There is general recognition that education provides significant external benefits—significant enough to warrant public subsidy. But public subsidy needn’t imply public provision of the subsidized service. Government subsidizes health care but does not provide the health care itself, with a few exceptions, such as for soldiers (including veterans) and prison inmates, and, in big cities primarily, for indigents. There are many private schools, religious and secular, and a good deal of home schooling. There are also many “charter” schools, which are quasi-private. But most Americans continue to be educated in public schools, owned by local governments (I do not discuss higher education, and hence state-owned as distinct from local schools)
Is this a mistake? Should education be privatized? Conversely, should private schools be discouraged?
The nation has evolved a two-tier education system, in part because of local funding of public schools.
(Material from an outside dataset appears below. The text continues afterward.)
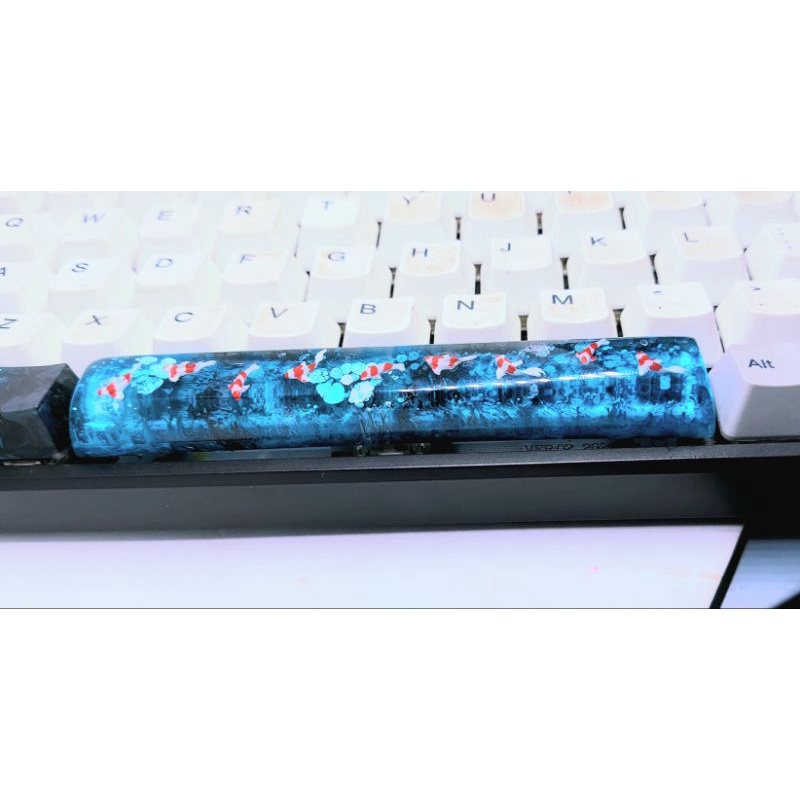 Keycap resin cá koi mini thanh space 6.25U tone dương đen trang trí bàn phím cơ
The children of the well to do, who tend also to be the most intelligent and well disciplined (though there are many excceptions), are educated primarily either in elite private schools or in well-funded public schools in wealthy suburbs, though some public schools regardless of location have selective admissions, such as the Bronx High School of Science in New York, and “magnet” schools in other cities.
Well-funded public schools appear to do as good a job in educating kids as private schools, and at comparable cost, which is reason to doubt that a free-market model of education is superior to a government model; this conclusion is also supported by the data periodically compiled and reported by PISA (OECD Programme for International Student Assessment) on the educational performance of 15 year olds in 74 different countries.
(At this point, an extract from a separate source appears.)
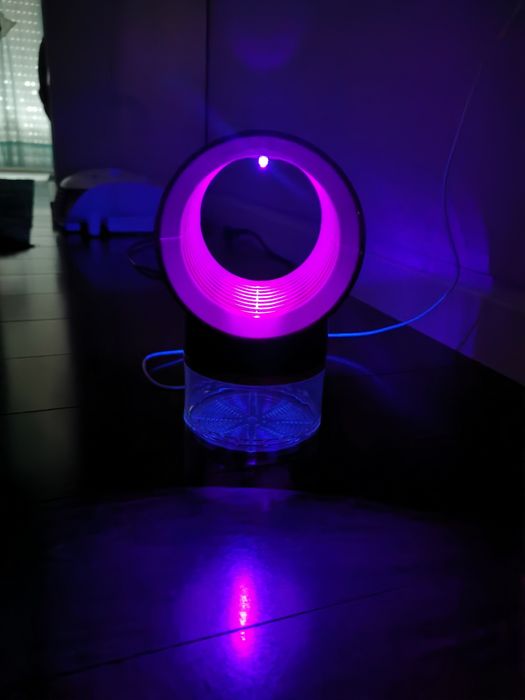 Anti-mosquito através luz negra sem perigo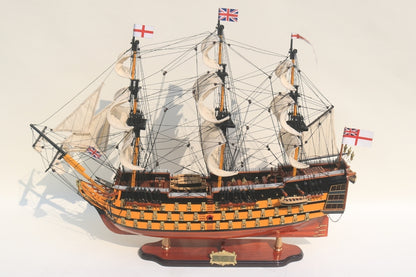 HMS Victory vitorláshajó modell - 80 cm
The student bodies in the well-funded public schools and private schools in this country are heavily white and Asian. Our large black and Hispanic populations, along with lower-class and lower middle-class whites, tend to be educated in public schools that are not well funded because they are located in poor communities; and as I said public schools are financed primarily by local taxation. Some residents of poor communities are educated in Catholic parochial schools, but these schools have been in decline for many years.
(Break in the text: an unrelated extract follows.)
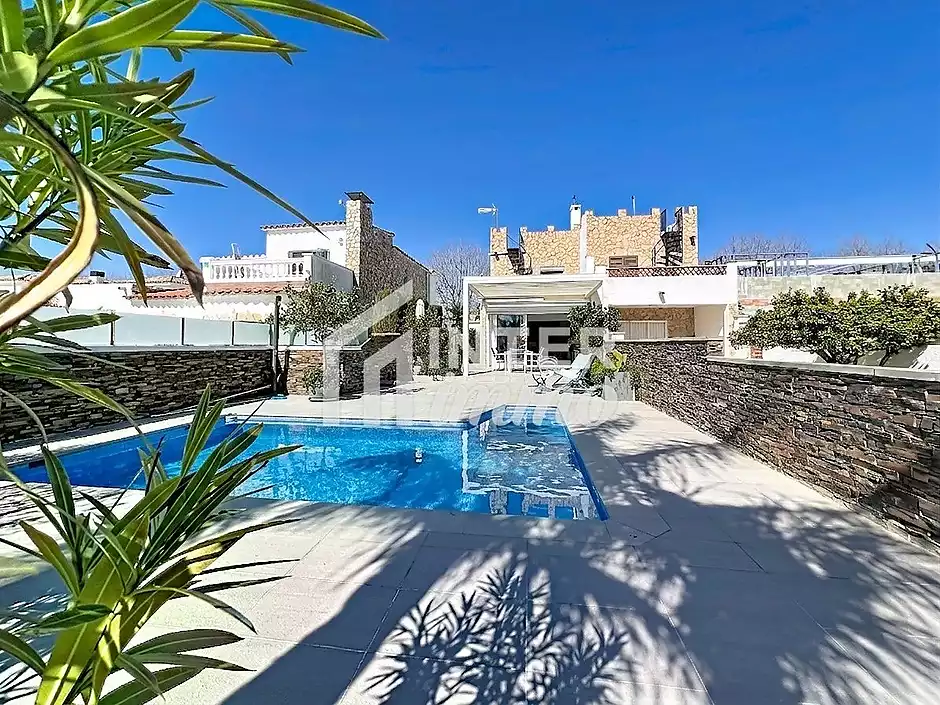 Casa amb llicència turística piscina canal ample a Empuriabrava - foto 2 de 43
The lower-tier populations are poorer as well as residing for the most part (of course not all of them) in communities that do not have a large tax base. Poverty retards educational achievement, and the combination of poor students and poorly funded schools seems highly inimical to educational success. The effective (though incomplete) segregation of students by income and educational aptitude and promise probably hurts the students in the lower tier more than it helps the ones in the upper tier, provided there are more in the upper tier; for such a mixed-student-body public school will continue to attract good teachers and to be able to pay them well.
The focus of reform efforts is therefore, and rightly so, on the lower-tier students, who appear to be poorly served by their public schools and to have little access to private schools, other than Catholic parochial schools, which as I noted are in decline. The charter school is the principal tool of reform, and as it is quasi-private it provides a test of the proposition that privatizing education would improve eductional outcomes in the lower tier (in the upper tier, as I said, public education seems to work well). The goal of the charter-school movement is to increase competition in elementary and secondary education, in part by enabling parents to choose their children’s school and in part by freeing schools from traditional constraints, for example on firing underperforming teachers. But at present, despite many studies, the evidence that charter schools produce better educational outcomes than comparable conventional public schools is inconclusive, which suggests that if they are better, it is by only a small margin.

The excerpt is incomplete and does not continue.